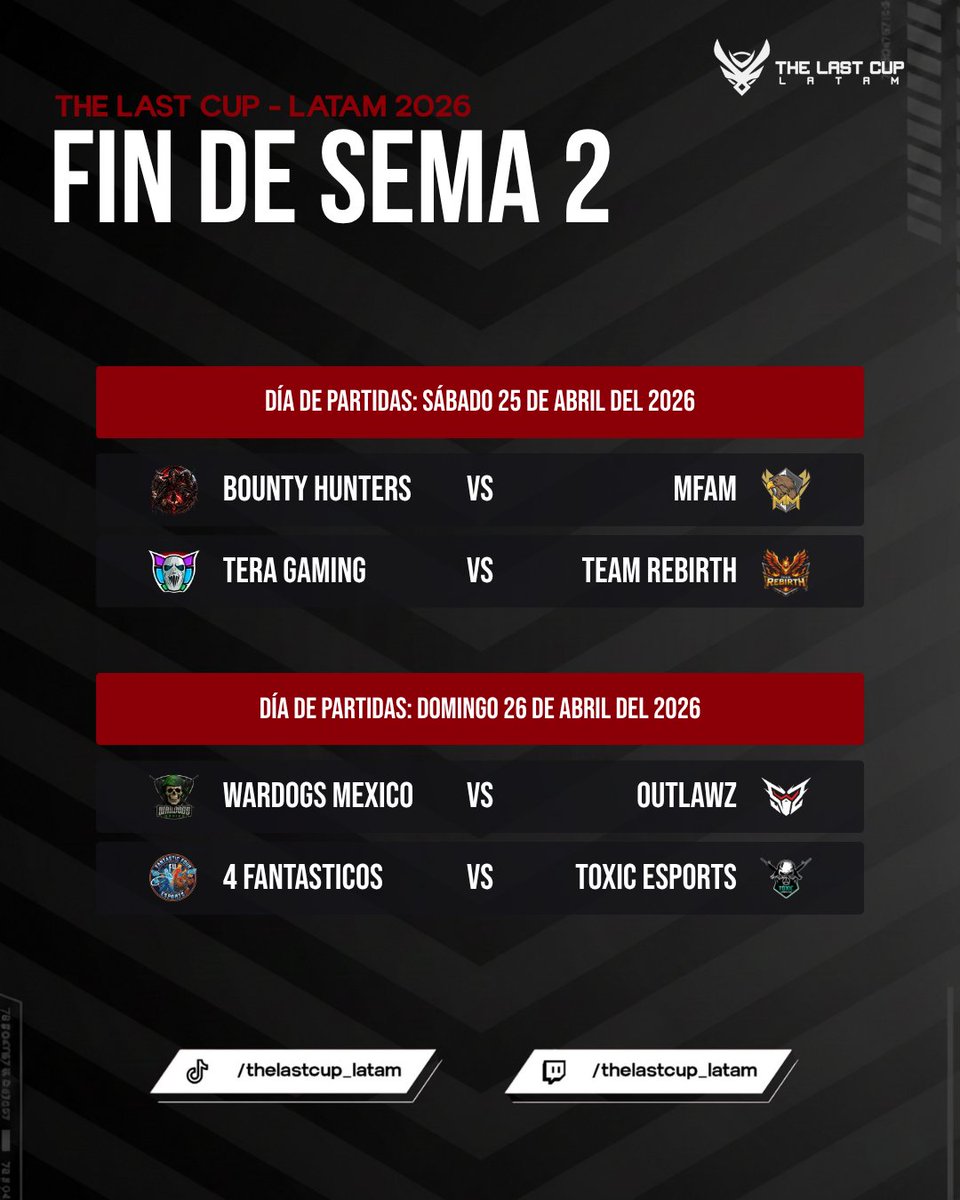TheLastCup_LTM's tweet image. 🔥 SEMANA 2 🔥La liga continúa y cada partida empieza a pesar.

Nuevos enfrentamientos, mismo objetivo: ganar. 🎮¿Quién tomará ventaja en la tabla? 👀

#TheLastCupLatam #Esports #CallOfDuty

**Work task:** Reproduce all the material exactly, omitting images.

**Task result:**
TheLastCup_LTM's tweet image. 🔥 SEMANA 2 🔥La liga continúa y cada partida empieza a pesar.

Nuevos enfrentamientos, mismo objetivo: ganar. 🎮¿Quién tomará ventaja en la tabla? 👀

#TheLastCupLatam #Esports #CallOfDuty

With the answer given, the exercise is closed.